Здравствуйте! Я бы посоветовал бы Вам обратить внимание на модель "Weltmeister-Consona" 7/8.Цена 20 тысяч рублей.характеристики 11/5 регистров,4-х голосный,ступенчатая дека.Консона, на порядок выше по уровню чем Стеллы,Серины и прочее... Я считаю это оптимальным вариантом.Так как 7/8 модель временная,покупается где то на пару-тройку лет,дороже не вижу смысла покупать Вам инструмент. В дальнейшем могу Вам без проблем поменять его на полный Аккордеон. Напишите мне Ваш телефон в личку и я Вам перезвоню.Вероятно если Вы звонили мне я был занят,так что перезвоните мне или сбросьте Ваш номер.


----------



## ze_go (5 Апр 2016)

zet10 (05.04.2016, 18:49) писал:


> ступенчатая дека


 неа. 
ступенька у "Ленинграда". 
у кансоны колпак с одной открытой стенкой стоит над клапанами типа фагота и типа кларнета, а сами клапана (все) стоят на одной деке...


----------



## zet10 (5 Апр 2016)

Согласен.Но все таки имитация ломаной деки какая никакая  есть.


----------



## altyn-ai (6 Апр 2016)

Лишь бы имитация не создавала проблем звучанию и эксплуатации. Выслала email, жду фотки.


----------



## zet10 (6 Апр 2016)

Отправил,смотрите почту.


----------



## altyn-ai (8 Апр 2016)

Уважаемый Юрий, можете ли прислать на мыло фотки аккордеона внутри. Преподаватель хочет посмотреть состояние голосов, мастики, залогов... У Консоны резонаторы, полагаю, деревянные?  Еще интересует Ваше мнение, лучше купить 7/8 и комфортно играть 2-3 года, потом приобрести приличный полный (S, Supita) или переждать (играя сейчас на стелле3/4), может за полгода дорастет сын до полного?
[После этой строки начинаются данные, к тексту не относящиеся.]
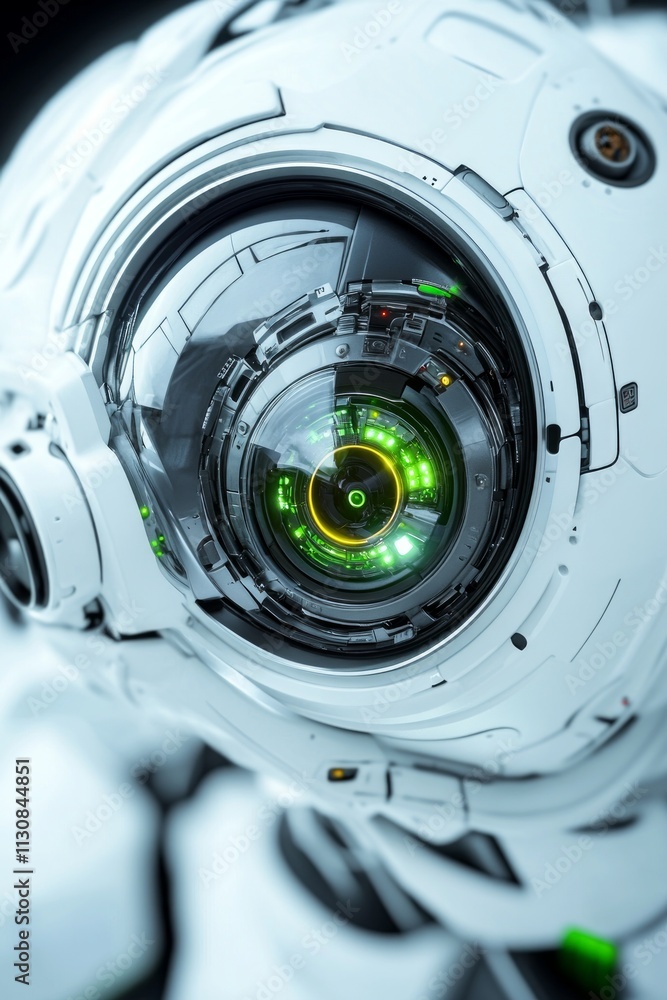 Aufkleber a detailed look at an advanced robotic eye with complex wiring and bright green lights, emphasizing 
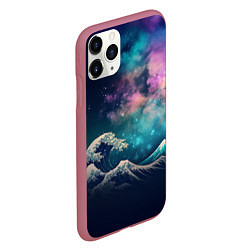 Чехол iPhone 11 Pro матовый Космическая Большая волна в Канагаве, цвет: 3D-малиновый — фото 2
Я склоняюсь к покупке 7/8.   Если сравнить 7/8-ые Вельт и Роял стандарт Метеор или Сильвана, что предпочтительней?   Простите мое незнание, не увидела на Консоне сетку или отверстия справа, как воздух выходит?   Еще один вопрос: есть ли кейсы разборные для авиаперевозки аккордеона половинками, но чтобы можно было и в один скрепить, чтобы носить инструмент на спине? Цена? Спасибо!


----------



## zet10 (8 Апр 2016)

Сегодня скину.Если не хватает диапазона,то однозначно нужно покупать 7/8,если же диапазон роли не играет то можно и переждать.Авиа чехол на такой инструмент покупать не нужно ,ибо он стоит 8 тысяч рублей,для такого инструмента считаю не рентабельно,лучше пользоваться его родным футляром.Авиа чехол можно будет купить,когда уже приобретёте себе полный,концертный,дорогой инструмент.


----------



## zet10 (9 Апр 2016)

Сегодня отправил Вам инструмент,получите Вы его через 4 дня! Надеюсь ,что инструмент понравится Вам ,Вашему ребёнку ,ну и в первую очередь педагогу!Спасибо Вам за доверие, жду Вашей  оценки инструмента,с уважением  Юрий.


----------